EXERCISE DETAILS
Leave out the pictures and repeat exactly the lines from the one containing "Produktbild: Journalism in Context" through the final line of the listing below.

INFORMATION PROVIDED
※
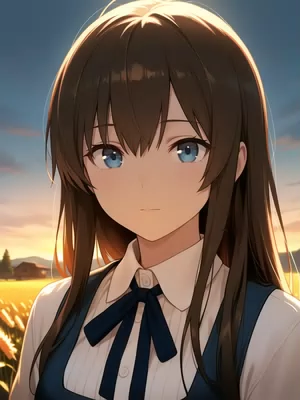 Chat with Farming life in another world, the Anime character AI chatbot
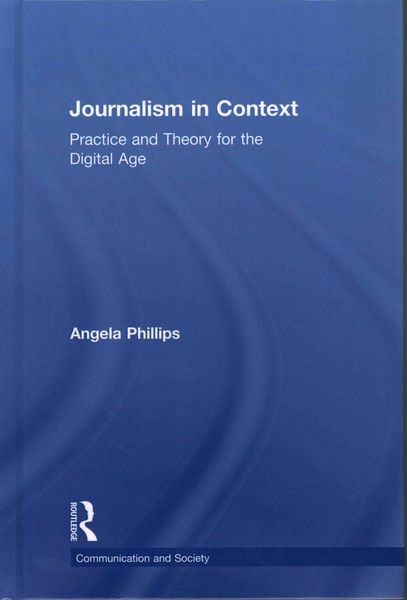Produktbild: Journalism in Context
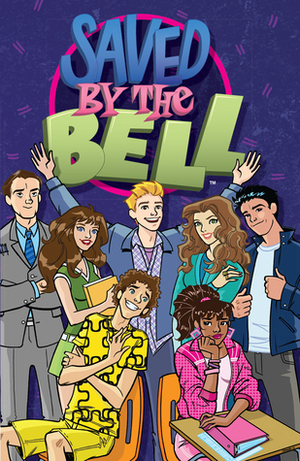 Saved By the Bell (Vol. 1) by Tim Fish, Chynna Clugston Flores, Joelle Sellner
※
RESULT OF THE EXERCISE
Produktbild: Journalism in Context
 Saved By the Bell (Vol. 1) by Tim Fish, Chynna Clugston Flores, Joelle Sellner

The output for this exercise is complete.